### DATA
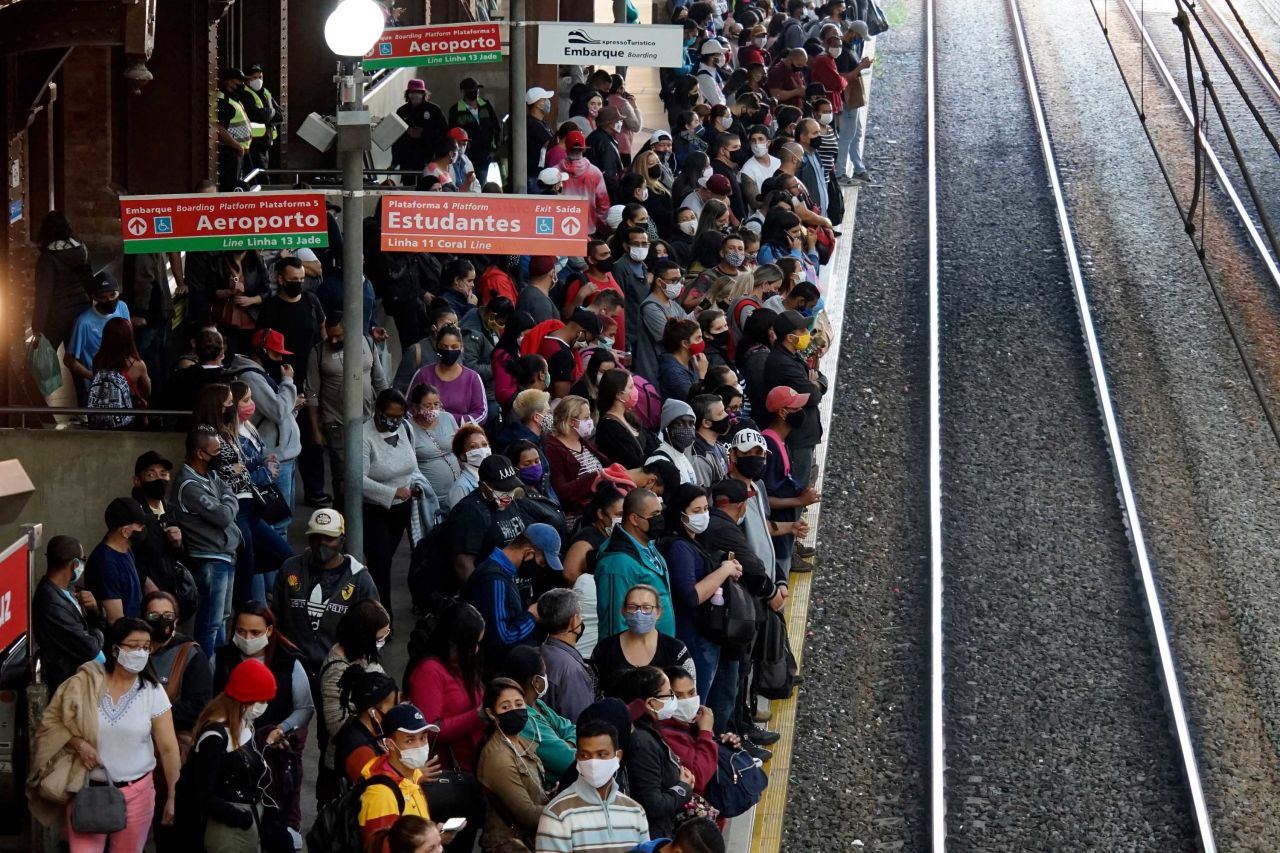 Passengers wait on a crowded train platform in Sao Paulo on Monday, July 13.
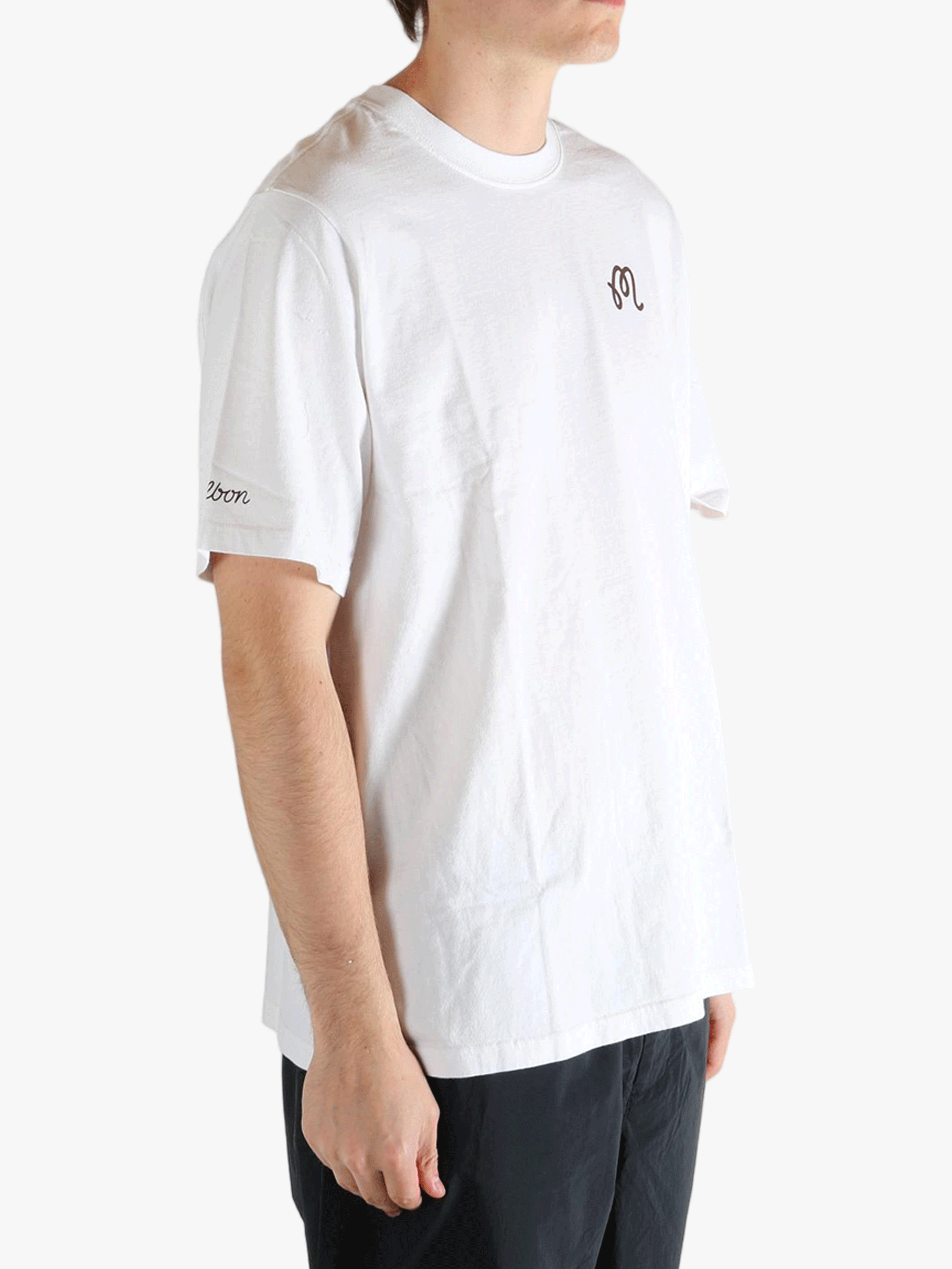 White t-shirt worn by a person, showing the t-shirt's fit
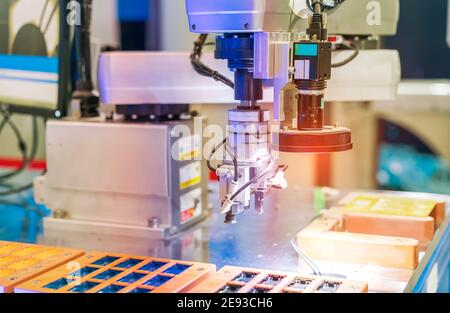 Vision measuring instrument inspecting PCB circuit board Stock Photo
==
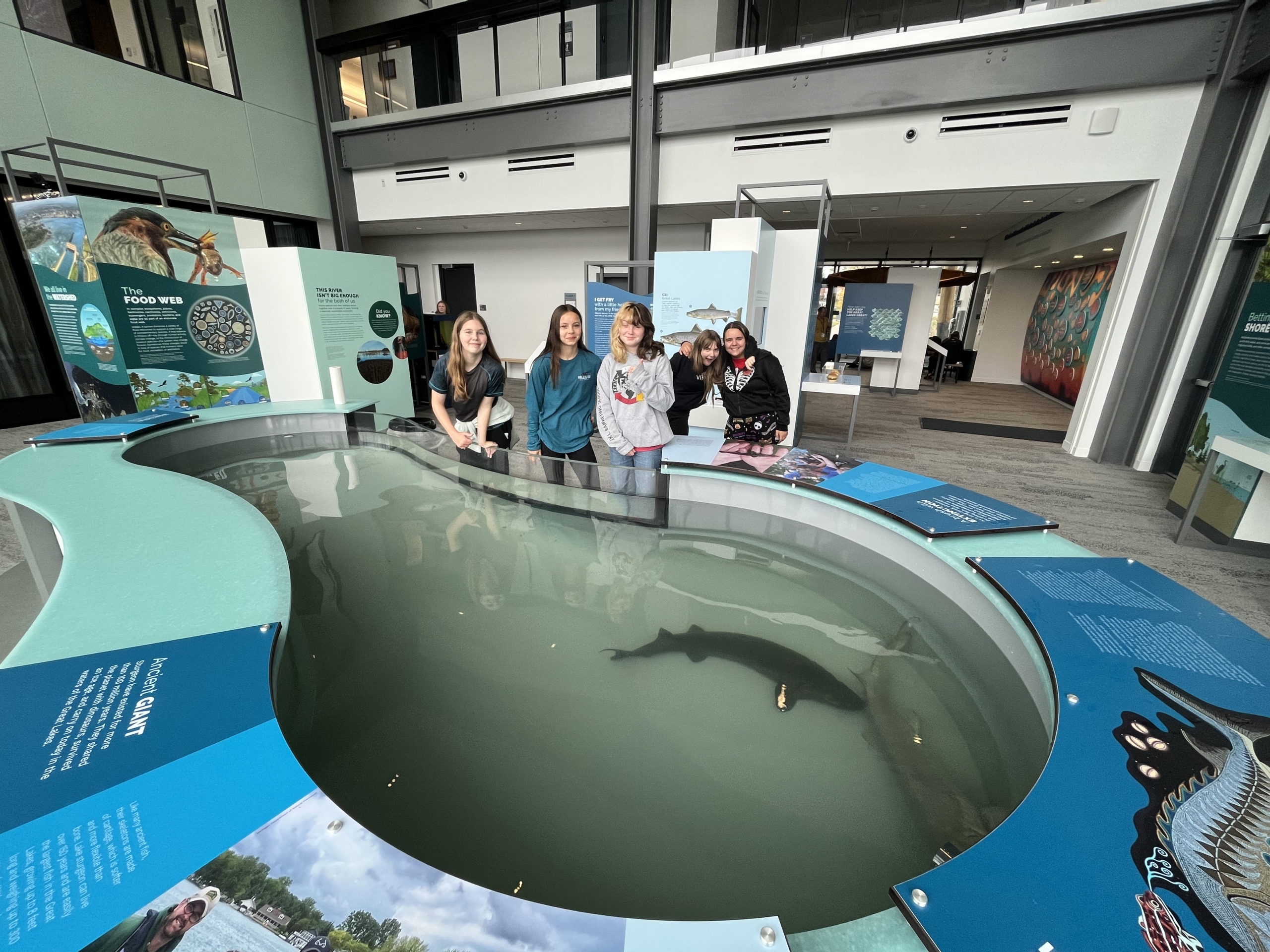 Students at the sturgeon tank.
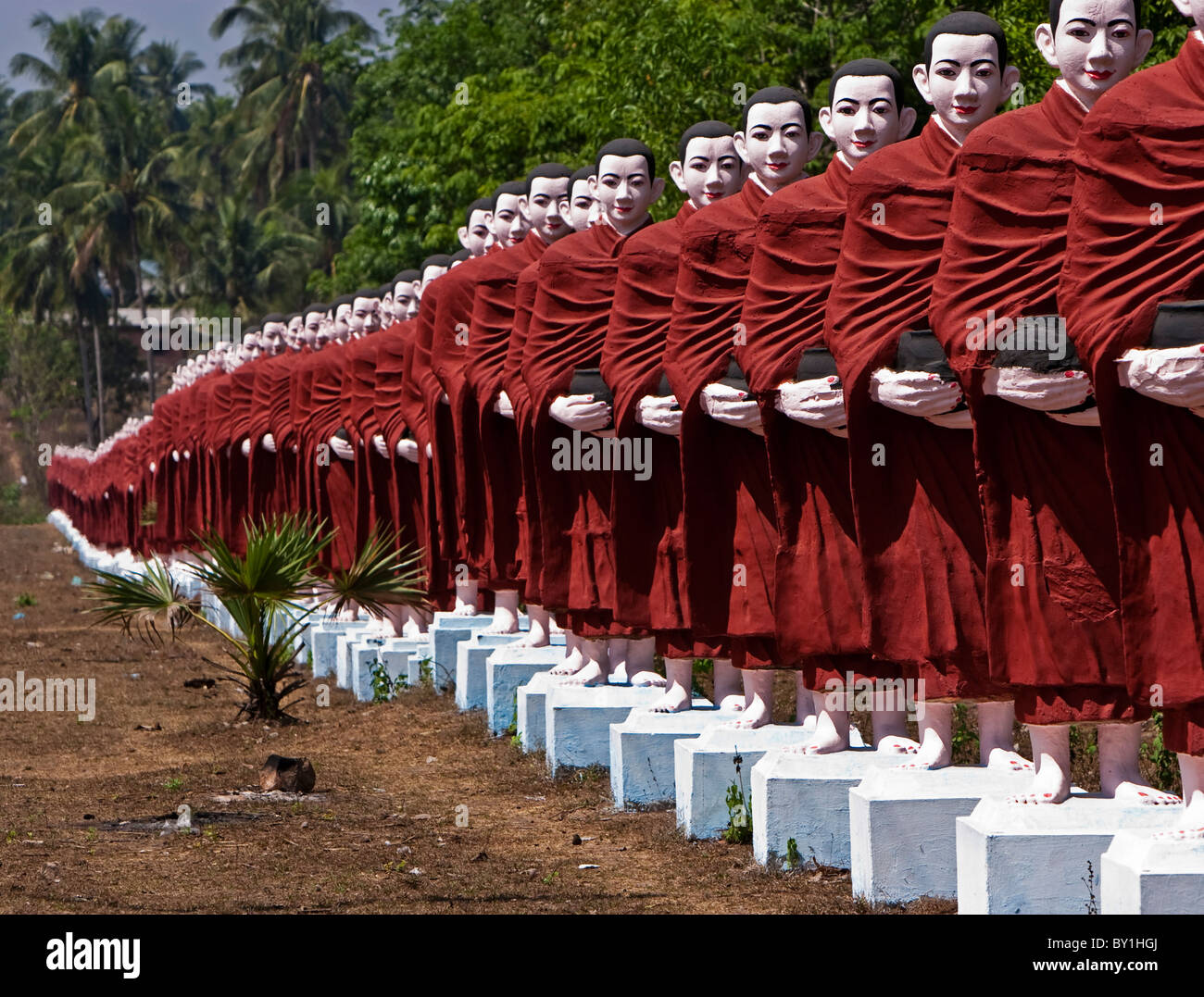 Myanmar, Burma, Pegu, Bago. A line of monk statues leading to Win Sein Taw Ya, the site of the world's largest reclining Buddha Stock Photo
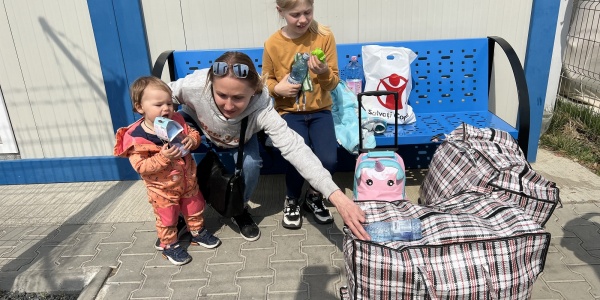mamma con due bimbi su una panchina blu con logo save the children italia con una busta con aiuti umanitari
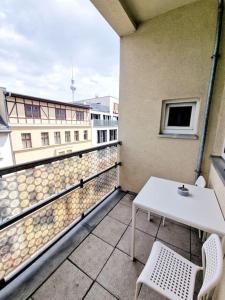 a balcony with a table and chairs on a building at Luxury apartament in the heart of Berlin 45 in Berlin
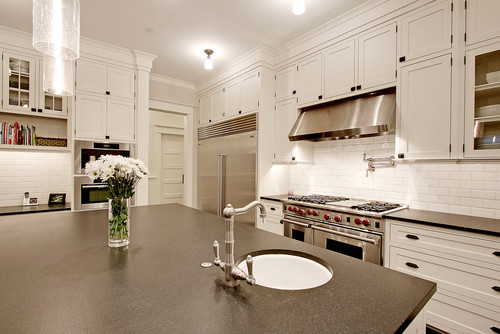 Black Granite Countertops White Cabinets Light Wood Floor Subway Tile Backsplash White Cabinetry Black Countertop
* * *
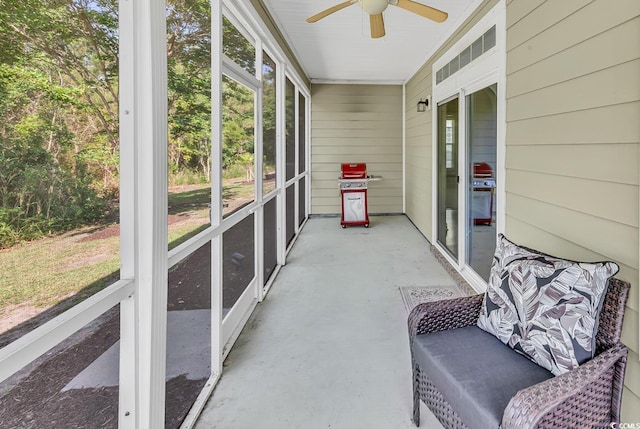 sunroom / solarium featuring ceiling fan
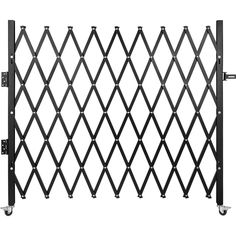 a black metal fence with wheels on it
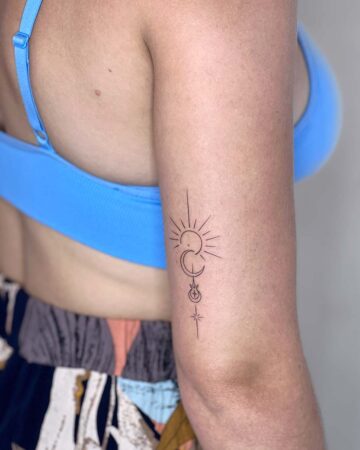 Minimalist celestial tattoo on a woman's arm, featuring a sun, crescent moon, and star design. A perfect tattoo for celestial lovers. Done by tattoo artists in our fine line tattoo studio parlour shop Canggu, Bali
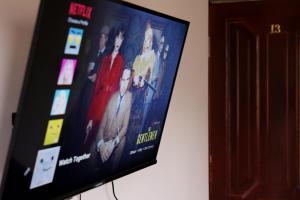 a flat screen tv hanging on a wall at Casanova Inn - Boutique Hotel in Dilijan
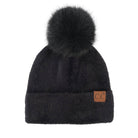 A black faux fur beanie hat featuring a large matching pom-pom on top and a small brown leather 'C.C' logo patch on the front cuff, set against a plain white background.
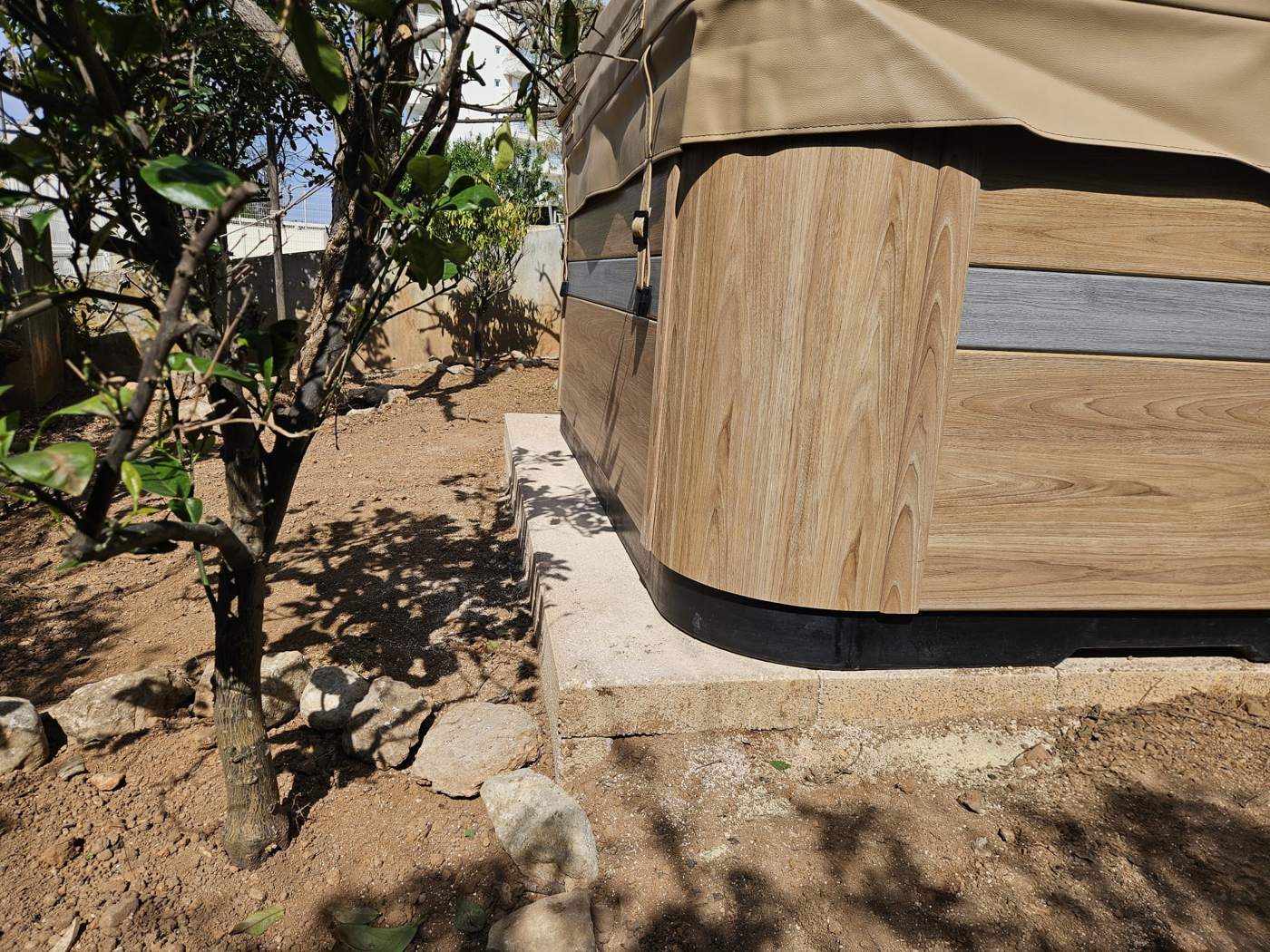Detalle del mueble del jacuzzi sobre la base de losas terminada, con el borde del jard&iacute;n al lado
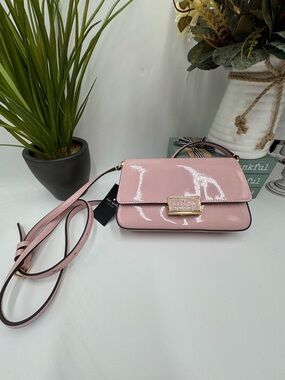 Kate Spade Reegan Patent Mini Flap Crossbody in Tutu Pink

### WHAT YOU ARE ASKED TO DO
Repeat exactly the lines above, from the line that contains "Passengers wait on" down through the line that contains "Vision measuring instrument". Include both of those lines and none of the pictures.

### RESPONSE AREA
 Passengers wait on a crowded train platform in Sao Paulo on Monday, July 13.
 White t-shirt worn by a person, showing the t-shirt's fit
 Vision measuring instrument inspecting PCB circuit board Stock Photo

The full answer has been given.